Have you had the situation where SSAS becomes unresponsive, consuming too much memory and the only way out is to restart SSAS or to reboot the server?
With the default settings of SSAS this can happen with heavy MDX queries. When I say heavy queries, I really mean queries that require large amounts of memory. It is helpful to think of SSAS satisfying queries from within memory, which isn't exactly true, but it helps understanding. This is very different to SQL Server, where a resultset does not need to be instantiated in memory, so that a 5 TB table can be returned from one query with a modest memory overhead. With SSAS, the query cellset is generally constructed in memory. So if your query asks for 100 columns and 500,000 rows, then think of 50 Million cells instantiated in SSAS memory.
The memory required for a single query is not restricted by Memory\TotalMemoryLimit and can continue to consume memory until either the query completes or the system grinds to a halt with Windows page thrashing.
One might argue that you should write MDX queries that do not consume so much memory, but I believe that queries should not be capable of crippling the system. Unfortunately there is no way to cap the memory consumption of individual queries.
The easy and recommended (by me) solution to this issue is to set the Memory\HardMemoryLimit (new in SQL 2008) to a value between Memory\TotalMemoryLimit and 100. TotalMemoryLimit is 80 by default (that's 80%), so you might set HardMemoryLimit to 90, which will cause SSAS to begin cancelling queries once memory exceeds 90%. The queries that get cancelled would have had little chance of succeeding. They recieve the following message.

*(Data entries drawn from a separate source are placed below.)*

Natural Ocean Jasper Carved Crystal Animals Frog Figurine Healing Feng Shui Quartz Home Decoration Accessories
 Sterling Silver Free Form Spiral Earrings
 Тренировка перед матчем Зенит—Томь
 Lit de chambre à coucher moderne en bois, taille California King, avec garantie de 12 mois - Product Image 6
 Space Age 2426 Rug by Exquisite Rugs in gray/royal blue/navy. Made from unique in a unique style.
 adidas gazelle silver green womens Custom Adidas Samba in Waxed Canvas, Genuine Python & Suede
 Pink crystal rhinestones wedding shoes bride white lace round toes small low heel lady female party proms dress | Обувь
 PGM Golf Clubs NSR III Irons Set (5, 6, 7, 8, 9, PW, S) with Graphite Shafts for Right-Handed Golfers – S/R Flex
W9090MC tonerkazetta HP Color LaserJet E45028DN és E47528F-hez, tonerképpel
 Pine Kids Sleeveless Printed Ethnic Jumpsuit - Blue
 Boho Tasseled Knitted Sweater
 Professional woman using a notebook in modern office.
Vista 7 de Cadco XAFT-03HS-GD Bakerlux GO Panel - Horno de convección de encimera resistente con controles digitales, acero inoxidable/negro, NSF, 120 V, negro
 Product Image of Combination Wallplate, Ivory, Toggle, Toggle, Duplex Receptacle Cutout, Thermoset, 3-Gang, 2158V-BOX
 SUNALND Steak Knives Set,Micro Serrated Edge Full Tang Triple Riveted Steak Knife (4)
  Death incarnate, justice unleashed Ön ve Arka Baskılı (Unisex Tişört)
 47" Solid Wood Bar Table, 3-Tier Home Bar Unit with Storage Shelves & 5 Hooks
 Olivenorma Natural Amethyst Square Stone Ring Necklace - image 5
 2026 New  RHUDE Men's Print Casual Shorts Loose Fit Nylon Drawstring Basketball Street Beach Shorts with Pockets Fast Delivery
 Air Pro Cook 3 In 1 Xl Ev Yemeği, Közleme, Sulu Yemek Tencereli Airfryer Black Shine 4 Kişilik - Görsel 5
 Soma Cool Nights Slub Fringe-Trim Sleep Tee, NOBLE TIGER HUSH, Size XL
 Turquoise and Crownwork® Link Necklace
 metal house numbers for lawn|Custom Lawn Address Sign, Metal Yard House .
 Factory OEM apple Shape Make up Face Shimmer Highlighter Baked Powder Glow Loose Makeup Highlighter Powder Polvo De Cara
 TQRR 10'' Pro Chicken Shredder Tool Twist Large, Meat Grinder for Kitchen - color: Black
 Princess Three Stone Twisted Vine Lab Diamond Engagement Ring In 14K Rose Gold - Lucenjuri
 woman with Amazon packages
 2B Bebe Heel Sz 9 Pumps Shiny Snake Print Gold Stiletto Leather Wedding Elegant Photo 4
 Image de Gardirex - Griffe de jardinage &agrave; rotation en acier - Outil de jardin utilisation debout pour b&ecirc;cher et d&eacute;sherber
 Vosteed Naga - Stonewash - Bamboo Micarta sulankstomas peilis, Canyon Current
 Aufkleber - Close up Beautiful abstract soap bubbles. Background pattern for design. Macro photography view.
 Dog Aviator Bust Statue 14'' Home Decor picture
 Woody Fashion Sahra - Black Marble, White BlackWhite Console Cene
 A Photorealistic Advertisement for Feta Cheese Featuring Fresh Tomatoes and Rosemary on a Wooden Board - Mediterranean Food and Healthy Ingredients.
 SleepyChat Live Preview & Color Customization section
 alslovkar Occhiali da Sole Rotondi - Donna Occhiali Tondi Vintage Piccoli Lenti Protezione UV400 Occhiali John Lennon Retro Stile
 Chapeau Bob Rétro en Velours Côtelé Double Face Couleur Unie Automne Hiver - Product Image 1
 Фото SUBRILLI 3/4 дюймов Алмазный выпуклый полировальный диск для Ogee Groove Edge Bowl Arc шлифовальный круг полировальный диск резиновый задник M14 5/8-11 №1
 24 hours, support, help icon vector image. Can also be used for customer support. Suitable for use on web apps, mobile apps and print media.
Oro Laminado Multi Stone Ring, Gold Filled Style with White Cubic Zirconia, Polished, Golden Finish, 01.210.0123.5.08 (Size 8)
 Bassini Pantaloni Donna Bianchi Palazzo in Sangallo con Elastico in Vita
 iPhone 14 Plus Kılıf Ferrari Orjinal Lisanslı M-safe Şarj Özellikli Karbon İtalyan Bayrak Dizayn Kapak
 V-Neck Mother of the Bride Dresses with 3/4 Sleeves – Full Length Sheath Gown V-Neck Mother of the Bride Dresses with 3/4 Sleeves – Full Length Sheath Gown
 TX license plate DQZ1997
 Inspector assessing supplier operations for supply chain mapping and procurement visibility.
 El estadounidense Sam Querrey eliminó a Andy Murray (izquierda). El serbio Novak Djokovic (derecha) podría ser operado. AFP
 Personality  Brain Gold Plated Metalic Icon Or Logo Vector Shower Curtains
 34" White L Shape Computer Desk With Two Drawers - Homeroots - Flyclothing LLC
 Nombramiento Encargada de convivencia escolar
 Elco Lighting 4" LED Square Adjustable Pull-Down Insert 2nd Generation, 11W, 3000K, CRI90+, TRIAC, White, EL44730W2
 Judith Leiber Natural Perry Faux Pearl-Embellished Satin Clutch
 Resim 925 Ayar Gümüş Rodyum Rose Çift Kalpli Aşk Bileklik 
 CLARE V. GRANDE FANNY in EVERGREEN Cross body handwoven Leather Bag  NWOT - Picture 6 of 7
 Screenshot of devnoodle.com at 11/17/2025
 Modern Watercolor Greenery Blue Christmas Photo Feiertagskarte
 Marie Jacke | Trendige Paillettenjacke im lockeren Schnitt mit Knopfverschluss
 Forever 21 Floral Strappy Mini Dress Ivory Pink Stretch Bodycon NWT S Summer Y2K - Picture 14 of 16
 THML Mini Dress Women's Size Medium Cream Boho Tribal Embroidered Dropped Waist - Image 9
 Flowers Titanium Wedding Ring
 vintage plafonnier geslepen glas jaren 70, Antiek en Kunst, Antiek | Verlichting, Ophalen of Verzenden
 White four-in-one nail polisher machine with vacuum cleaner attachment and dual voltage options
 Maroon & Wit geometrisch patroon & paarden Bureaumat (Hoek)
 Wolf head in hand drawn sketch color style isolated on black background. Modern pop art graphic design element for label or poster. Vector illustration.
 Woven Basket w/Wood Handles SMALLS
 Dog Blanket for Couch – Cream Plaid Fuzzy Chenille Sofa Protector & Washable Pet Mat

Server: The operation has been cancelled due to memory pressure.
My recommendation is to set the HardMemoryLimit even before you suffer from these heavy queries. It is better to have queries terminated than SSAS request excessive memory and cause Windows to thrash. If you want to err on the side of not cancelling queries, set the HardMemoryLimit closer to 100. If you want to minimise the possibility of having Windows thrash, set the HardMemoryLimit closer to TotalMemoryLimit. Never set the HardMemoryLimit equal to or less than the TotalMemoryLimit.
If you find that queries are being cancelled that you would like to have complete, then I would suggest you either tune the queries to use less memory or add more RAM to your x64 system.